About Me
This is the blacksmith shop where I work at Furnace Town, near Snow Hill, MD. Back in the early 1800's up to the American civil war, this town of up to 400 residents was formed around a three-story brick furnace where they would smelt bog ore they dug up from the creek nearby.

This is the furnace where workers would layer charcoal, bog ore, and crushed clam and oyster shells and smelt the iron out of the ore and is the only original structure left on the site. The people who built it also rerouted creek water to run under it and power the bellows (which is what the pipes on top serve as). The other buildings, like the blacksmith shop, broom house and weave house were either built or brought on site throughout the past three decades.

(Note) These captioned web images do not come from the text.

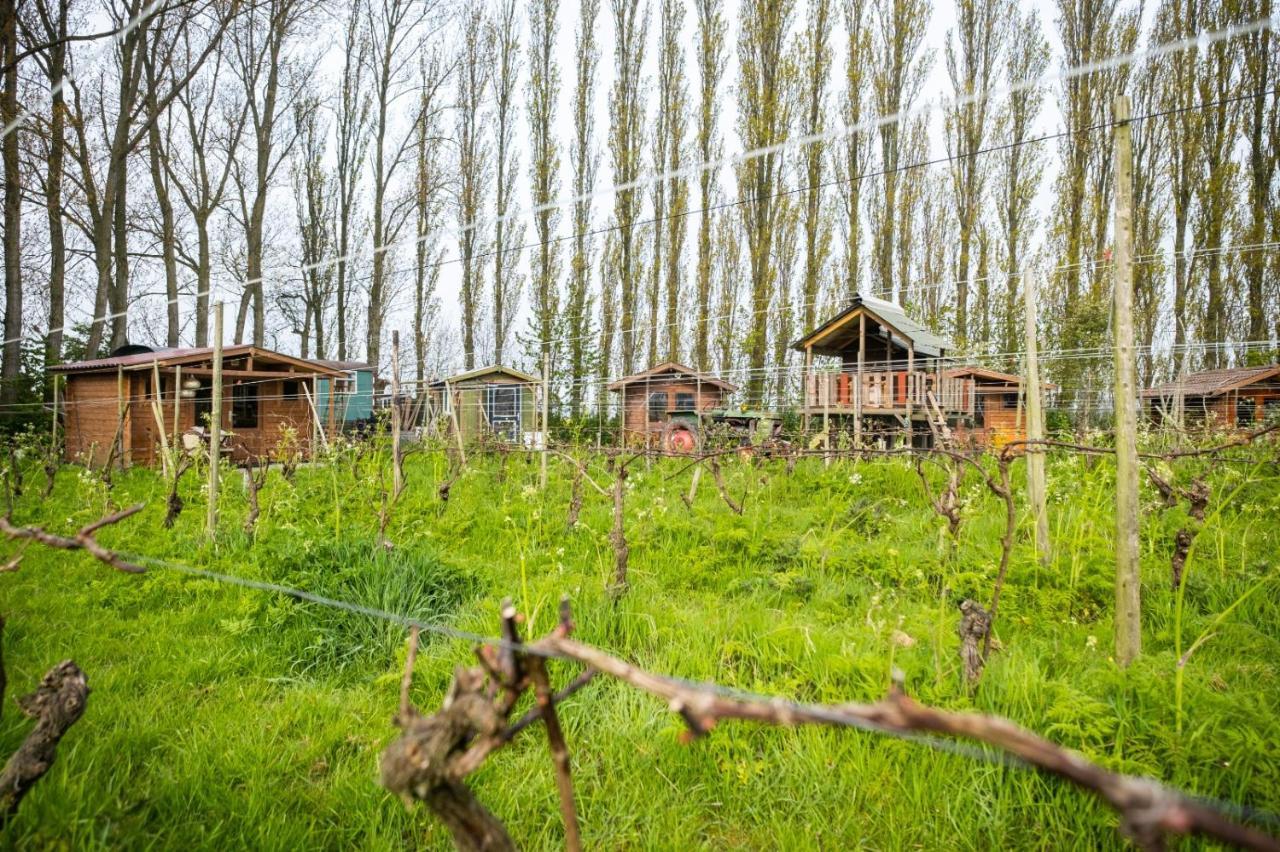 Wijndomein De Vier Ambachten -Overnachten In De Wijngaard Simonshaven Exterior foto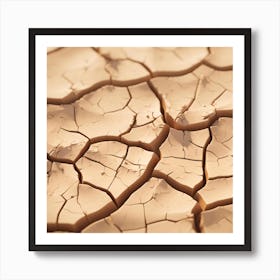 Dry Cracked Earth Art Print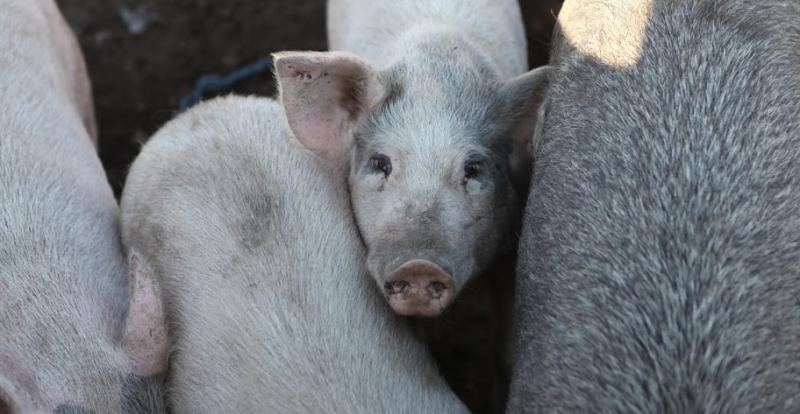 Ціни на живець свининей почали знижуватись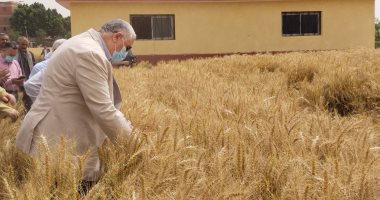 الزراعة لـ"اليوم": مصر حققت قفزة هائلة بمجال التقاوى المعتمدة لمحصول القمح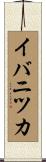 イバニツカ Scroll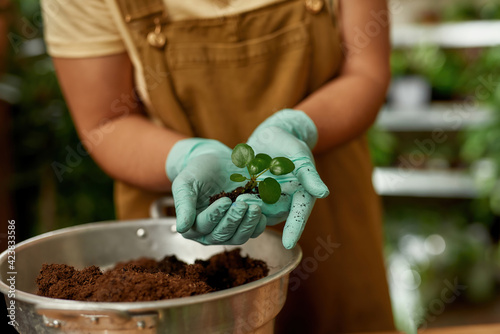 Photography Close up of hands of young woman wearing protective gloves holding green sprout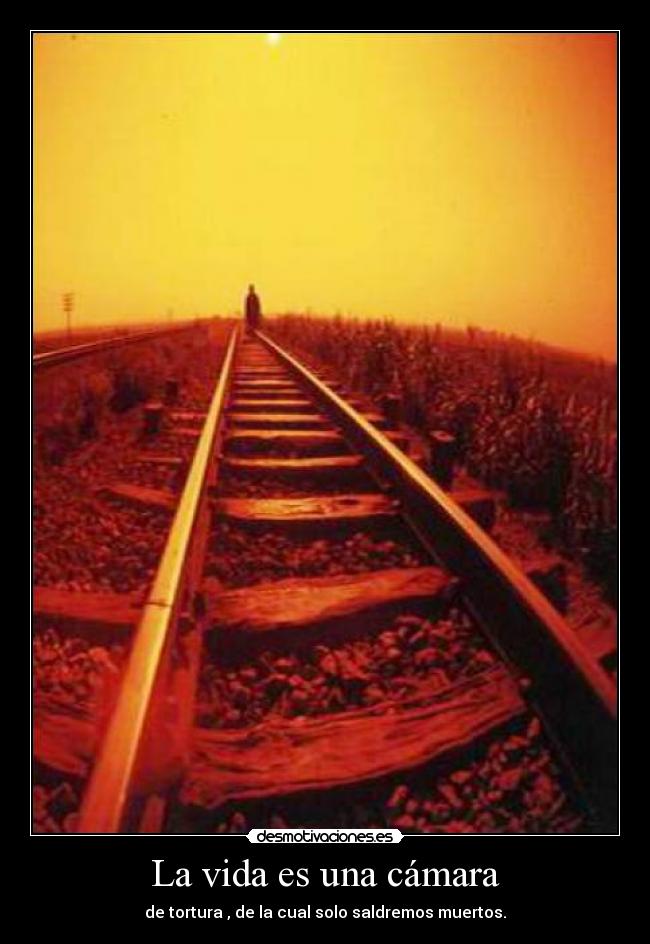 La vida es una cámara - de tortura , de la cual solo saldremos muertos.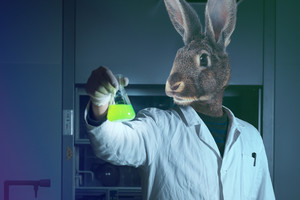 Все кролики живы: как выбрать косметику, которую не тестируют на животных - рассказывает эксперт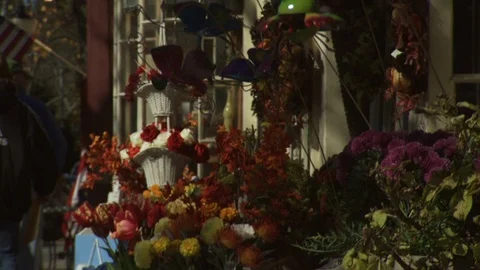 Cape Cod, MA Stock Footage 123912406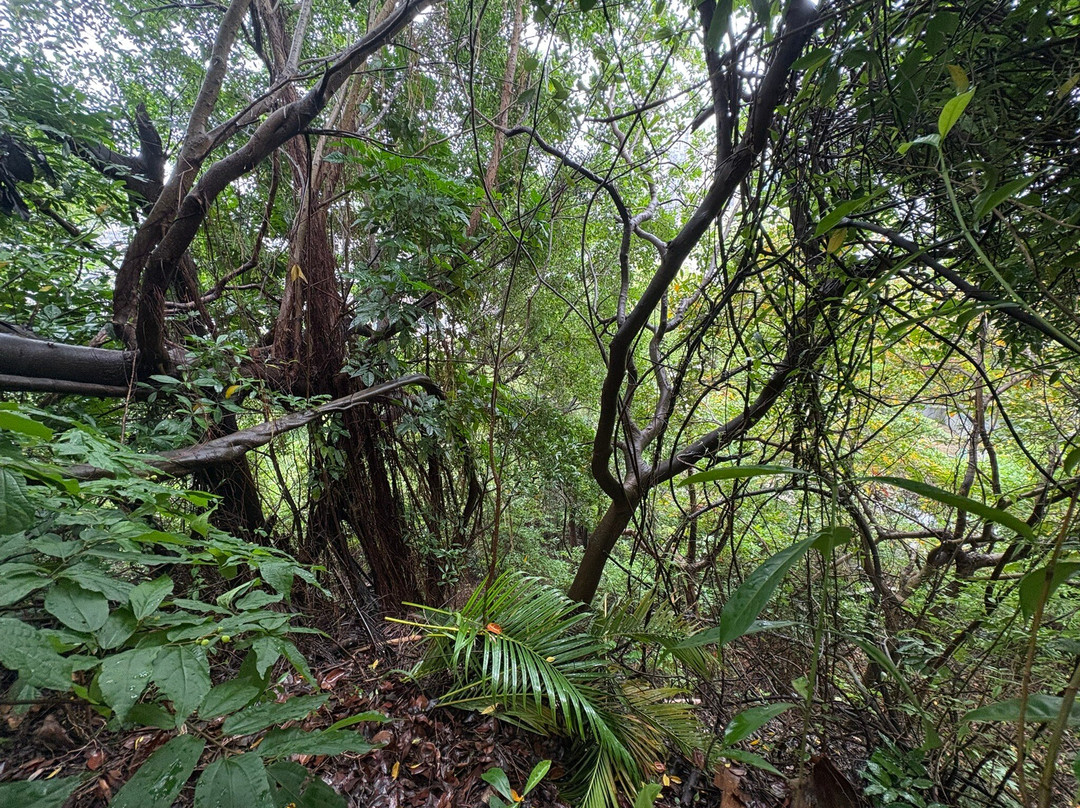 望厦炮台-澳门必去景点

This double coal/coke/charcoal forge was built in a similar fashion to the one that was in the original blacksmith shop and can safely handle two blacksmiths per forge. The right forge is operated with an old Champion hand-crank blower and the left forge is operated by either it's own old hand-crank blower or it can be switched to a bellows that is suspended from the ceiling and can be seen in the upper left corner of the photo.

This is the beginning stages of a simple door handle I made for the gate to our garden at home.
This was at a hammer-in that was at Furnace Town. This is a photo of myself and a nice guy named Ken, who shared my last name and came all the way down from New Jersey to attend, punching the handle hole for his hammer. This is in the more modern shop that is adjacent to the old-style shop and has a steel forge with an electric fan for a blower.
Ken and myself shaping the cheeks of his hammer.
This is the former blacksmith, Lee, who has shared with me so much more actually useful advice than a lifetime of watching YouTube videos ever could. He only does blacksmithing at home nowadays and spends the rest of his time as a pastor for his local church.